There are black and white photographs and video of the occasion – the astronauts bouncing on the surface, the erection of the American flag, the collection of rocks, the footprints left behind.

But maybe, just maybe, the most powerful aspect of the first visit of our lunar neighbor was in the view of ourselves.

As the astronauts stood there, on the moon, they could see the earth. They took photos and video of our home planet while standing somewhere else.

No human being had ever stood on any other celestial being but on earth prior to that moment.

And suddenly, the fascination came to be about the truth in looking back at us.

We are so enthralled with our day-to-day lives, dramas, controversies, personal and collective satisfaction that we don’t realize we are just little specs on a big blue ball rolling around in an immense universe.

Well, until representatives of Earth are standing far away, seeing if for themselves and showing it to the rest of us.

The Science Channel had a documentary about the moon landing this week and I was so interested to hear a person (now long retired from NASA) say it was “humbling for humanity to see itself,” from the cameras held by those astronauts.

I was on the earth when the astronauts took those first steps on the moon – I just wasn’t old enough to be conscious of the incredible feat that was taking place.
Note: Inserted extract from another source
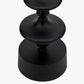 Emilio Matt Black Candlestick Floor Lamp Base with Izara 45cm Lilac Ikat Patterned Mushroom Pleat Tapered Lampshade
So it was with earnest interest at 3:30 a.m., the other night, as I stretched out in bed and watched that documentary. Sure, it was interesting to revisit the details of 50-year-old science and to rediscover what an incredible journey man had somehow made.

But I think I was most enthralled by the photos and video of all the millions of people watching black and white televisions – all over the planet – being enthralled by the view of themselves being sent back by Buzz Aldrin and Neil Armstrong.

The commentator said there was a mantra in other countries – besides America – of “we did it.” Suddenly, it was no longer about the Americans beating the Russians, the commentator said – it was about collective humanity reaching beyond its perceived boundaries and taking a hard look at itself.

A real look – both literally and figuratively.

Obviously, so much has advanced since July 20, 1969 – we have the space station, we had many shuttle missions and there are satellites orbiting all around us. So there are now millions of images of the earth taken from other viewpoints.

But there is still something awe-inspiring about that first view from the moon taken 50 years ago.

What began as great pride in achievement momentarily evolved into the awareness that all the tensions and conflicts and wars and disagreements (all man-made) on earth just couldn’t be seen from the moon. All that could be seen from that standpoint was a beautiful place given by God to humanity – for us to use as long as He allows us.

The first trip to the moon was historical and fascinating – but even more so was looking back at ourselves.